## [Input material]
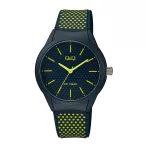   Q&Q unisex karóra, quartz, s.kék színű műanyag tok, s.kék színű számlap, s.kék színű műanyag szíj citromsárga színű pöttyökkel, VR28J035Y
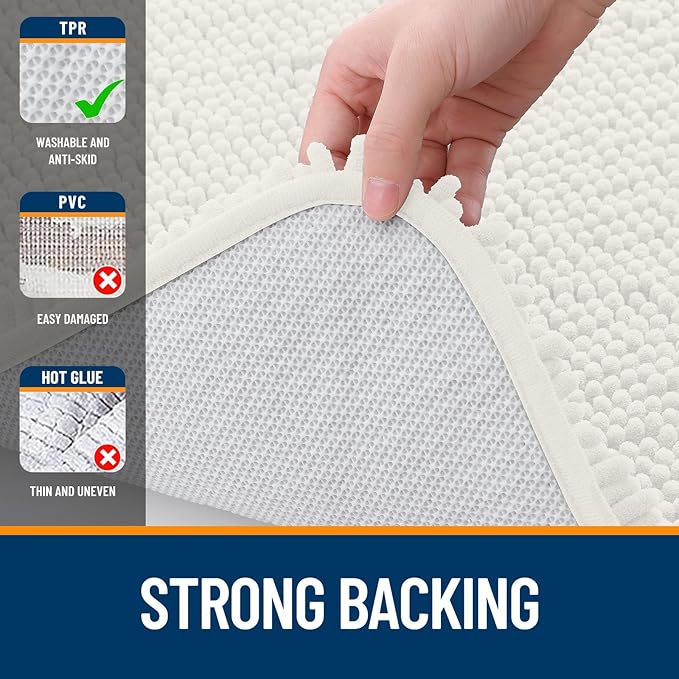 OLANLY Bathroom Rugs 70x24, Extra Soft Absorbent Chenille Bath Rugs, Rubber Backing Quick Dry, Machine Washable Bath Mats for Bathroom Floor, Tub and Shower, Home Decor Accessories, Ivory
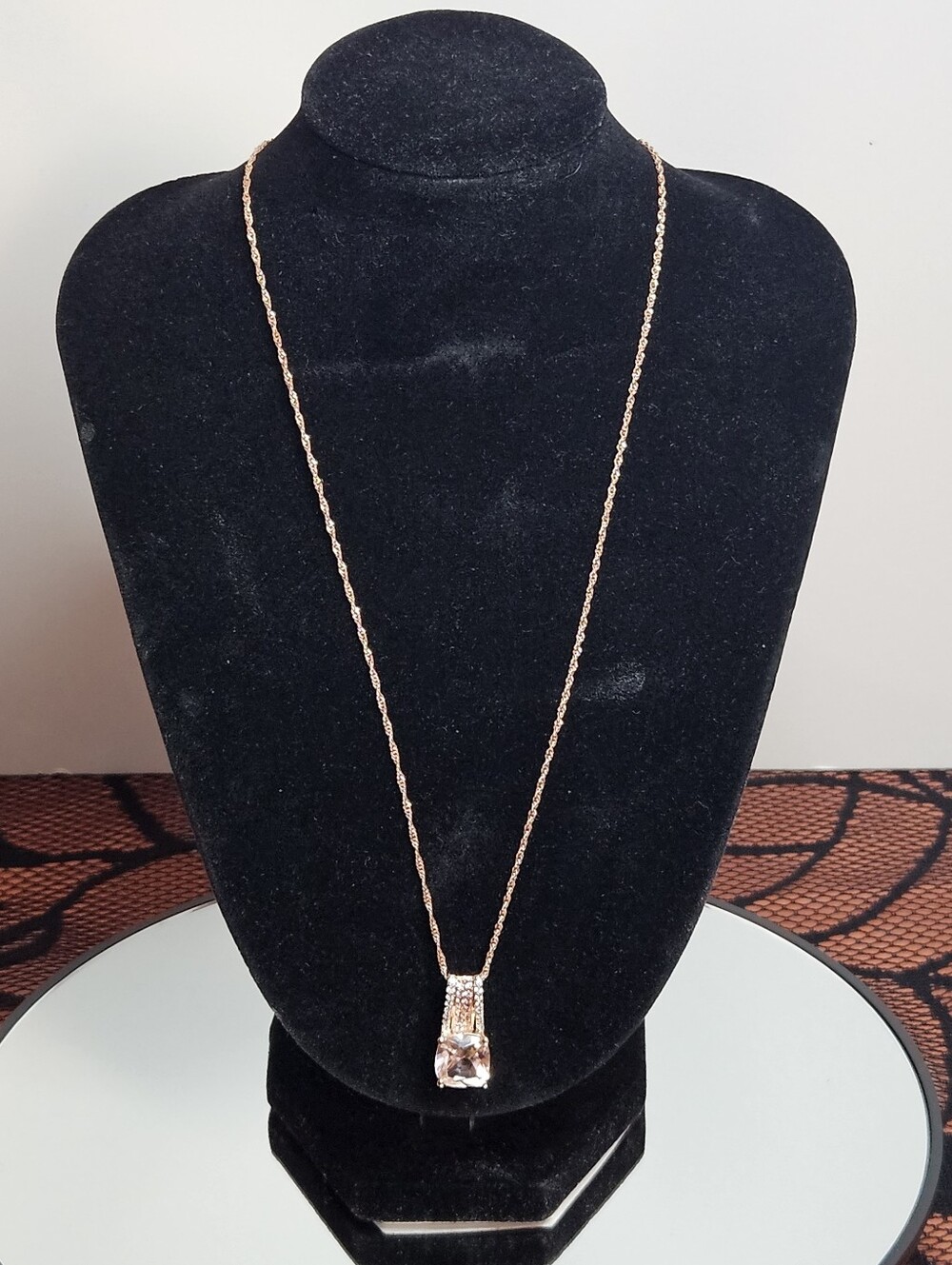 Morganite, Pink, And White Rose Gold Necklace - Picture 2 of 5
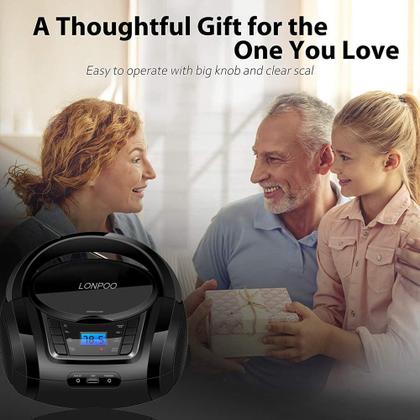 Imagem de Leitor de CD Lonpoo Portable Boombox FM Radio USB Bluetooth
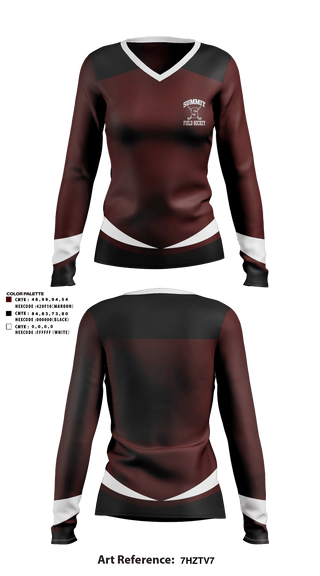 Womens Long Sleeve Vneck Shirt, Rockwood Summit Falcons Field Hockey, Field Hockey, Teamtime, Team time, sublimation, custom sports apparel, team uniforms, spirit wear, spiritwear, sports uniforms, custom shirts, team store, custom team store, fundraiser sports, apparel fundraiser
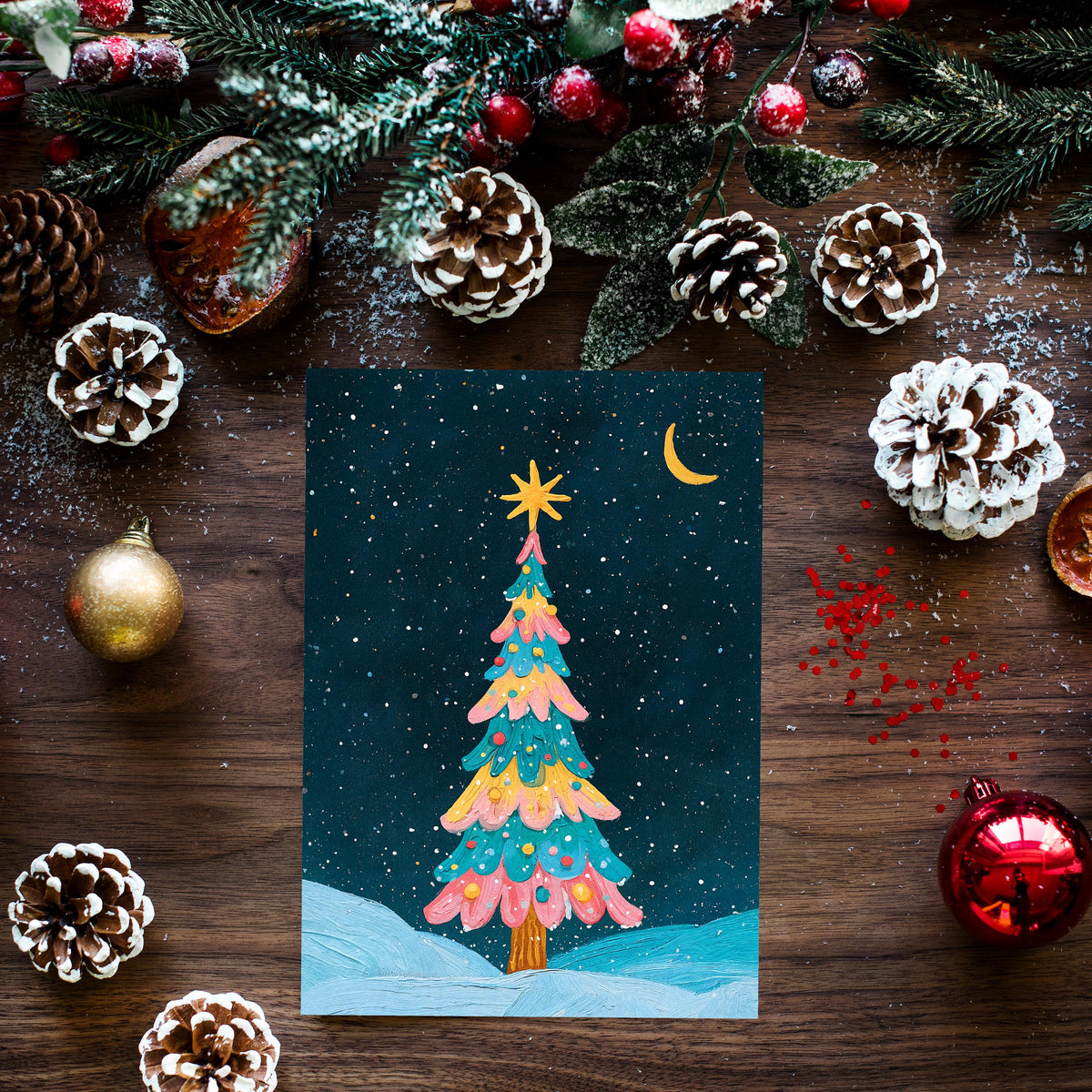 Christmas Tree Card, Winter Christmas Greeting Card, Cute Christmas Card, Festive Holiday Card, Snowy Christmas Gift, Nordic Style Card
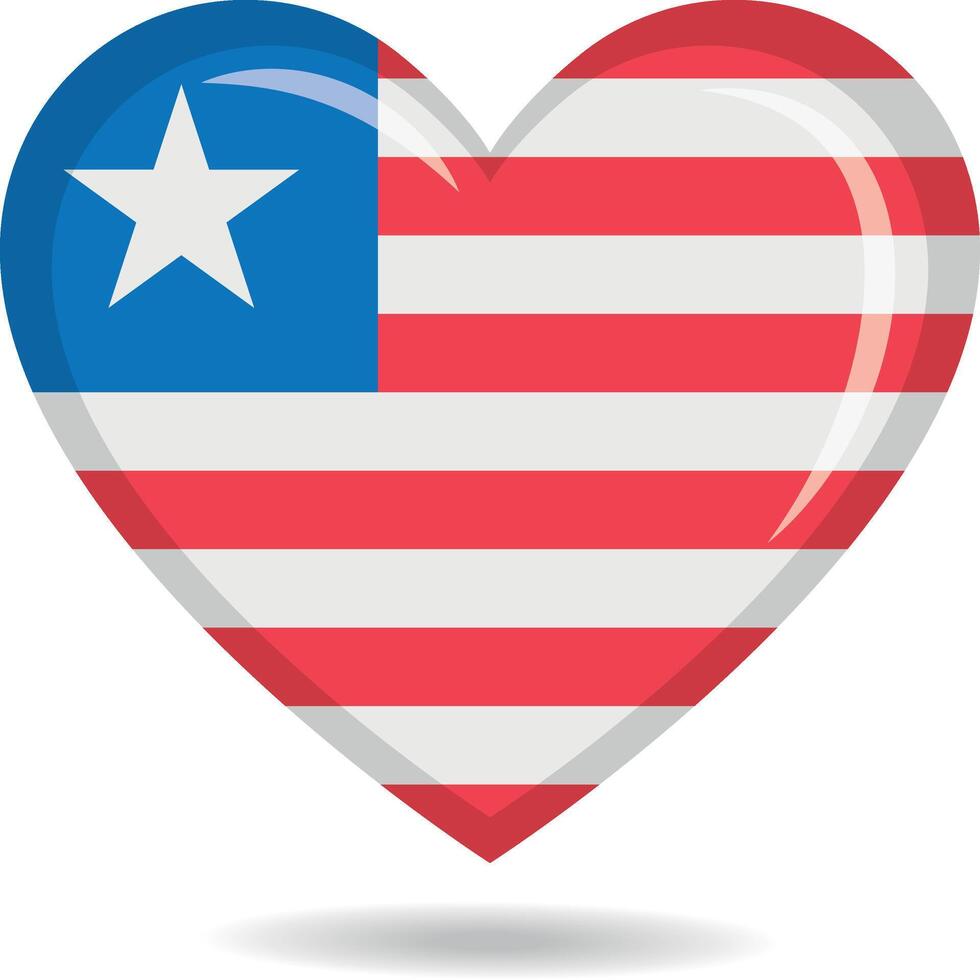 Liberia national flag in heart shape illustration vector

## [Assignment]
Print, exactly and only, the lines running from the line with "Imagem de Leitor" through the last line of the data, including both. Skip any picture.

## [Answer section]
 Imagem de Leitor de CD Lonpoo Portable Boombox FM Radio USB Bluetooth
 Womens Long Sleeve Vneck Shirt, Rockwood Summit Falcons Field Hockey, Field Hockey, Teamtime, Team time, sublimation, custom sports apparel, team uniforms, spirit wear, spiritwear, sports uniforms, custom shirts, team store, custom team store, fundraiser sports, apparel fundraiser
 Christmas Tree Card, Winter Christmas Greeting Card, Cute Christmas Card, Festive Holiday Card, Snowy Christmas Gift, Nordic Style Card
 Liberia national flag in heart shape illustration vector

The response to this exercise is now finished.